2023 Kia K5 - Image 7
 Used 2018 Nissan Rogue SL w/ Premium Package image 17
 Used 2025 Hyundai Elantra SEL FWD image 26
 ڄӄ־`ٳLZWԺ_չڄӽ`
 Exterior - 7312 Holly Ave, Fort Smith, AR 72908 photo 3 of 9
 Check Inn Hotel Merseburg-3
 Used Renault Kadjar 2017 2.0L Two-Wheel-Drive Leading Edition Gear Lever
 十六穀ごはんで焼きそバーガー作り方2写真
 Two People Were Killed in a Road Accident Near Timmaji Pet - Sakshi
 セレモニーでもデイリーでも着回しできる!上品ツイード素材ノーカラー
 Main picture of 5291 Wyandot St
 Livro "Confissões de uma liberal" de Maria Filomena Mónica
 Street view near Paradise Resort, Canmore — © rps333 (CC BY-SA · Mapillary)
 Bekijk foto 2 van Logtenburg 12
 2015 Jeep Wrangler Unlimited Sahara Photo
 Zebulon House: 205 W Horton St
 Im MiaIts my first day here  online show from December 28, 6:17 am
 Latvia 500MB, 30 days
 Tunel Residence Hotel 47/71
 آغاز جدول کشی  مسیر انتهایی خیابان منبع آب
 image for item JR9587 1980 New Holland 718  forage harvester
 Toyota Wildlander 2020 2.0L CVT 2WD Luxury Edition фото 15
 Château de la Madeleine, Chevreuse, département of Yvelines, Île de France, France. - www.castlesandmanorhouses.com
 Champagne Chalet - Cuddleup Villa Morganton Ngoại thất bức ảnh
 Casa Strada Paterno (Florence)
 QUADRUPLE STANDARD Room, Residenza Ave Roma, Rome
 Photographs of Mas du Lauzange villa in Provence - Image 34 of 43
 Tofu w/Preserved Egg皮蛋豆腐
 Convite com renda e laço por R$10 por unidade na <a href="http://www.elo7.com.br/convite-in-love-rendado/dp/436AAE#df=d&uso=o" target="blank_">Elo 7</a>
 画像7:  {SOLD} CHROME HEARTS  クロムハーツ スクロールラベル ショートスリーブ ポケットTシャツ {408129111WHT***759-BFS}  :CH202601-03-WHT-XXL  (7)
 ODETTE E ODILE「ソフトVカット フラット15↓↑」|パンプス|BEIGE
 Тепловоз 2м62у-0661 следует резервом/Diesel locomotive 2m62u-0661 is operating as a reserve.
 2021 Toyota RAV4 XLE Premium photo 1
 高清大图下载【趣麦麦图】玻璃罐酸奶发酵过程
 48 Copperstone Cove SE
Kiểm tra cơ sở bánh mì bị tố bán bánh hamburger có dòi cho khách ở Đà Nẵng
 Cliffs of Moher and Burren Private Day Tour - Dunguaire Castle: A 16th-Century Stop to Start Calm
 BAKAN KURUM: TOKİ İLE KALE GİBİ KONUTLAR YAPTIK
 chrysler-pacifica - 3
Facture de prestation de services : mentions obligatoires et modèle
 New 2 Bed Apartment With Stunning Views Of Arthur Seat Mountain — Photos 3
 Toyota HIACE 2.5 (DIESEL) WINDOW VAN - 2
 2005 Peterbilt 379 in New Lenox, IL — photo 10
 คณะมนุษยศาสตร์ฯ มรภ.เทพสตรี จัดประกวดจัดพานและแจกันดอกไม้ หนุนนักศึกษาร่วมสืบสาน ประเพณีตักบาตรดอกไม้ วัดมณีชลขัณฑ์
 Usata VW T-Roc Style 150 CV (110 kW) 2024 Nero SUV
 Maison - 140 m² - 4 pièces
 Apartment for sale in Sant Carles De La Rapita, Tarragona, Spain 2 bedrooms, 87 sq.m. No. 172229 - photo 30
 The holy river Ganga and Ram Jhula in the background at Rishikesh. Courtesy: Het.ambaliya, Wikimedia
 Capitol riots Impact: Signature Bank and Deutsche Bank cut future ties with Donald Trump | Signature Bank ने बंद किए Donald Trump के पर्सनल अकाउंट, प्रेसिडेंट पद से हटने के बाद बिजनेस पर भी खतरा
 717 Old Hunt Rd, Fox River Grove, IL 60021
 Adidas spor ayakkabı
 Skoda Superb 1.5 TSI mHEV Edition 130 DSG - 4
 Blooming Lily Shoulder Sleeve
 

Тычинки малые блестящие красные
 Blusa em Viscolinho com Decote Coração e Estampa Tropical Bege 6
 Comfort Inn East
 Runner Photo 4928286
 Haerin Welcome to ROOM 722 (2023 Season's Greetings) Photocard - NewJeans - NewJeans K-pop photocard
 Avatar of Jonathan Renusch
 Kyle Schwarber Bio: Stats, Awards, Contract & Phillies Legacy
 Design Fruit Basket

▸ Exercise instructions: Scan the material above for the string "Premium", and copy every line where it is found.

▸ Answer space:
 Used 2018 Nissan Rogue SL w/ Premium Package image 17
 2021 Toyota RAV4 XLE Premium photo 1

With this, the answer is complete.